Remarks to Stockmen on Grazing Policy.

July 08, 1936

It is good to see you all, and I wish I could attend the conferences you are having because I have been tremendously interested in the problem of public lands, not only on the forestry end but, especially in the State of New York itself, on the grazing end. I run into it on my other farm down in Georgia where we have a good deal of that problem.

I am glad that this cooperative movement is going so well because, under this Taylor Act, one of the essentials is to have cooperation from the people who use the public land.

During the past two or three years we have made great progress along that line; and we have certainly learned a great deal about the use and care of land. During our lifetime we have had some pretty horrible examples of the misuse of land. People who live on the land are becoming more and more conscious of the misuse to which the land has been put.

We are learning each year about the better use of land. Twenty-five or thirty years ago very few people understood, for instance, what over-grazing really meant. We have come to understand it better. We do not know about it fully.

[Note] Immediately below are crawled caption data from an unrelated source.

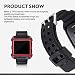 Bandmax TPU Fitbit Blaze Smart Watch Bands with Protective Case,Silica gel Waterproof&Shockproof...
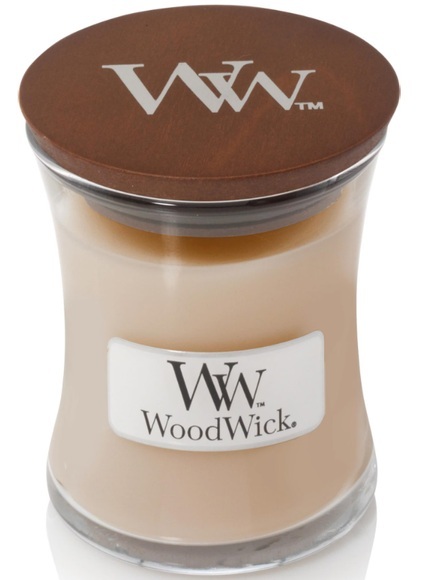 Woodwick Duftkerze Vanilla & Sea Salt S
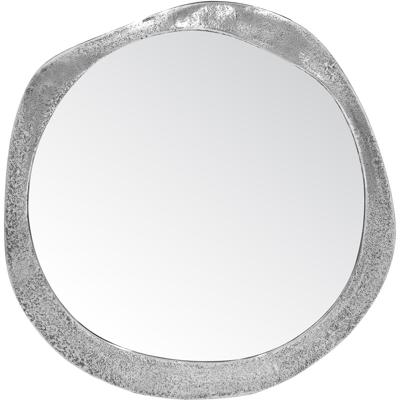 Spiegel - Trion Lita - Decoratieve Spiegel - 57x56cm - Zilver - Metaal
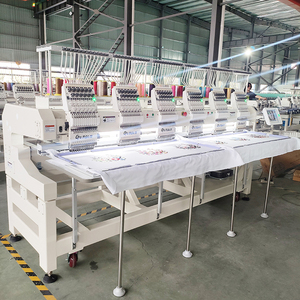 Máy thêu vi tính Tajima <span class=keywords><strong>Head</strong></span> Monogram 6 8 đầu, máy thêu Dahao A18 tất cả servo, máy thêu 12 15 màu - Product Image 2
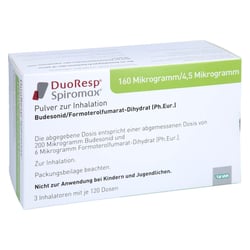 DuoResp Spiromax 160 Mikrogramm/4,5 Mikrogramm/Dosis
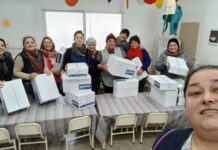 Compañeros del CAF 26 recibieron su ropa de trabajo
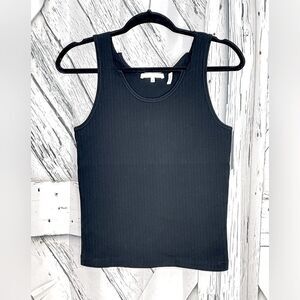 Helmut Lang Tank Top Ribbed Black M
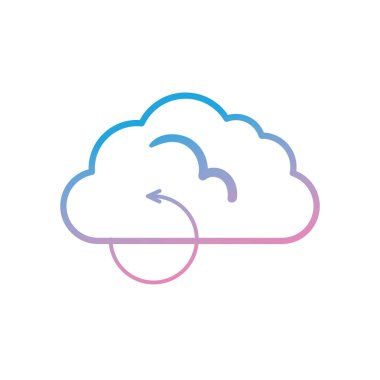 Tekrarlanan ok gradyan biçim vektör tasarımı ile bulut hesaplaması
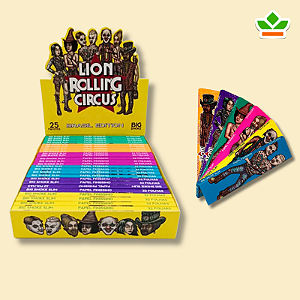 SEDA LION ROLLING CIRCUS TRADICIONAL KING SIZE SLIM | CAIXA C/ 25 UN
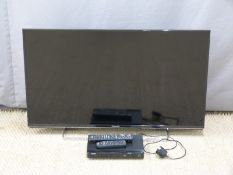 Panasonic 40 inch TX-40ES50 LED flatscreen TV, Blu-ray player, Pioneer CD and radio and Cambridge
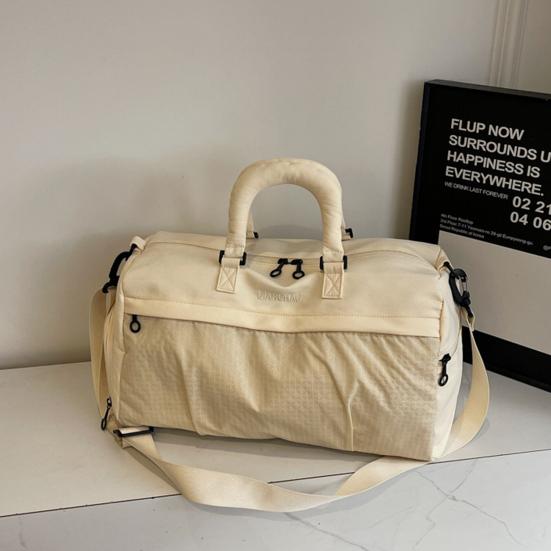 Women Gym Tote Duffle Bag with Wet Pocket And Shoe Compartment Nylon Weekender Bag Overnight Tote for Travel Fitness Dance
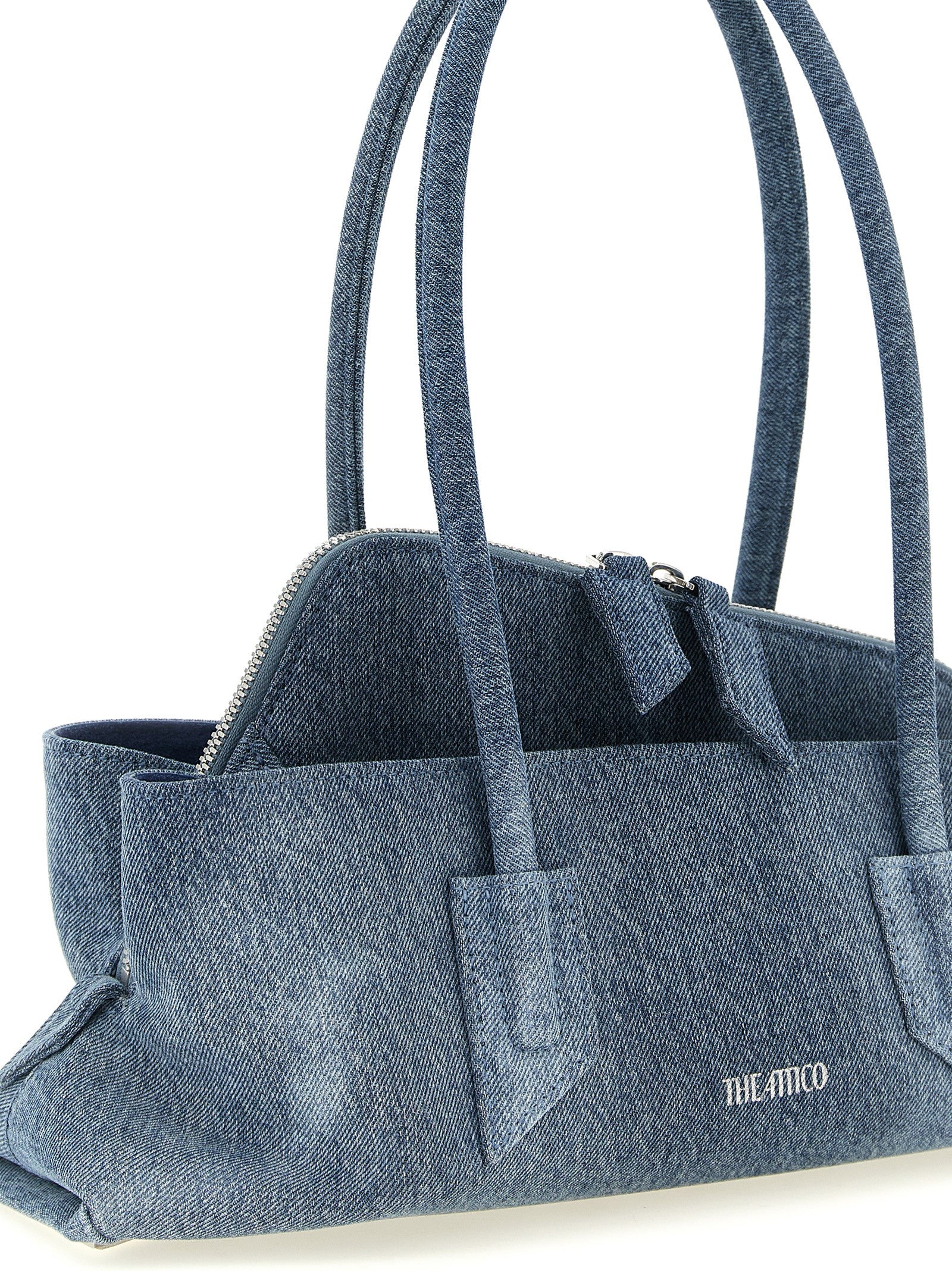 Blue Cotton Shoulder Bag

Nor do we know what the final solution of the problem of drought is going to be. We do know that in a great many parts of the country the water table, as we call it, is dropping down pretty seriously and that in a good many areas the top surface of the land is blowing away.

We also know that a good many areas, that used to be in trees, are no longer in trees. We have not the final answer; and it is up to all of you good people to help us to find the final answer. A lot of the work is still experimental; and that is why the interest of the local people is of such great importance.

We are buying under this new Act, I think, sixty million acres more to be added to the original acreage under the Taylor Act, and we are getting a national policy in regard to it which seems to be working out pretty well.

I am keen about the work you are doing. As I said, I wish I could go to your own conferences and sit in with you because, like everybody else, I have a good deal to learn.